We lost somewhere around 1,700 races in 2023. And in the first quarter, we've also seen a decline in races. And those have been whether other things outside of anybody's particular control, but that business as a B2C business has been robust, but also those technology services have been the basis for how we think we can take that business into other things like providing B2B services to sports wagering platforms.
So moving from there into gaming, regional gaming, I think, scale. Scale has been important. We find that as we achieve scale, we're more efficient. We get smarter, our teams work better. They get more done. Our margins can increase. So we like scale in the regional gaming. And for us, it's important to own 100% of the property that gives more stability to our company, and that's the right answer for our company as we face this current environment.
So I don't think every regional gaming opportunity out there is for us. But as we've demonstrated over time, we have our model, we have our filter and we have our approach, and we see opportunities there that we like. And we're not afraid of scale in the regional gaming space because we think it comes with some advantages that can grow and strengthen our company over time.
So I think I'd say to you that I like all of our business segments. I think all of them are contributors. I think all of them are really important. And if there came times where they weren't, then we would have to think differently about it. But right now, all our businesses are great contributors with growth profiles and strategies to make them bigger, better businesses and that's the plan we'll execute on.
Really comprehensive. I appreciate all that. And then a follow-up just in terms of the Virginia HRMs after The Rose is opened in -- at the end of '24. How should we think about the additional HRM licenses that you have, whether it's a new market and kind of going through a referendum expanding at existing properties?
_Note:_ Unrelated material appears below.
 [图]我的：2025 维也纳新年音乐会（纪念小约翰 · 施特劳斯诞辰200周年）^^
And what's kind of the time line that we should think about in terms of deploying the remainder of those 5,000 machines?
Our big challenge in Virginia is the 5,000 machines. We -- if you deploy the maximum number of machines, we're allowed under every potential license, we wouldn't have enough machines. So for us, it's about yielding the machines we deploy. So we were particularly happy to move into Northern Virginia with the increase in machines at The Rose, that was important, and that's a nice step for us because we think those machines will yield more.
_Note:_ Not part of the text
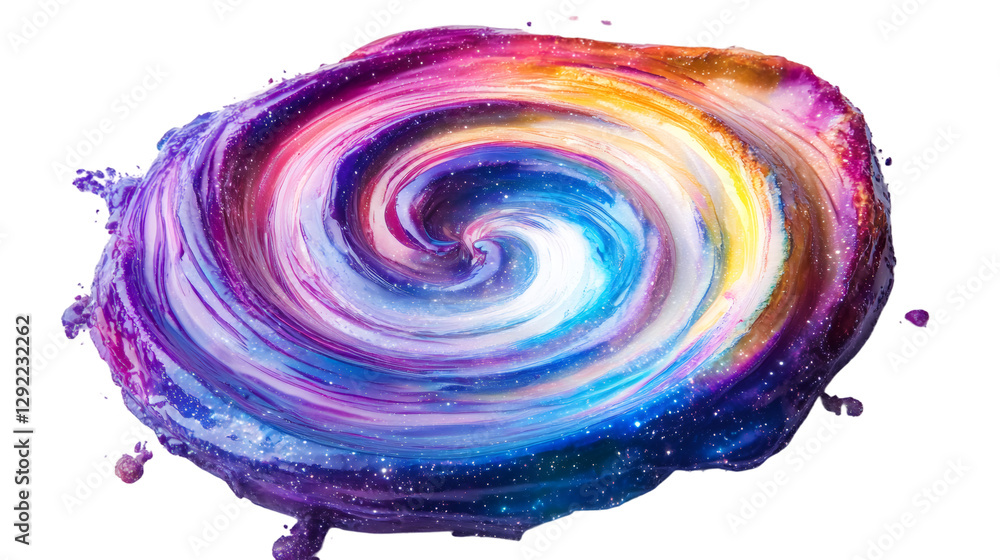 Aufkleber colorful galactic swirl revealing stellar patterns, glowing against transparent backdrop for cosmic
Our other available licenses, it will always be a comparison of 2 criteria. One is where do we think we can get the license active? In some jurisdictions, we still need to get a referendum pass. In other jurisdictions there isn't a need for an additional referendum because over time, a referendum has been passed that would authorize us to be active with HRMs.
So the first criteria is where can we get licenses operational? And the second criteria is, how do we think the deployment of machines in that jurisdiction would compare versus deployment of those machines and other jurisdictions we can deploy in? So that's part of the chess game that we're playing there.
And I've said this before, and I'll say it again, ultimately, it's not that we're going to get to 5,000 machines quickly, we're going to do that. We're going to be, as I said in my prepared remarks, we're going to be somewhere around 4,440 by the end of this year. The real challenge over time is where are the best places to deploy those machines and perhaps legislatively, there'll be a path at some point to more machines to fill out what we'd like to offer under those licenses. So it's a bit of a chess game, and it's a comparative game where we're comparing different jurisdictions to each other within the state, and that's something we're actively doing now as we figure out where we want to deploy our machines and where we want these licenses to be. And I hope to have more specifics for you over the course of 2024 to more fully answer that question.
Nice results. Appreciate it.
Our next question comes from the line of Jordan Bender with JMP Securities.
I want to touch on chasers. The project's been pending for a while. We know you have the balance sheet and the willingness to execute on that build-out at some point, Bill, loud and clear that there's nothing to announce at this time, but maybe any updated thoughts on how you see that property or that market?
Yes. Thanks, Jordan. We like the market. We like its proximity to the Massachusetts suburbs. So for us, it's the challenge of being comfortable in the site and getting all the approvals necessary, in order to, move forward. So yes, I would have liked that to have moved faster than it has, but it hasn't shaken our interest or our confidence in the market. We like the market. It's just when you do a lot of development like we've done, sometimes they go extremely well and sometimes they go slower than you'd like. And that one is one where I wish it had gone faster.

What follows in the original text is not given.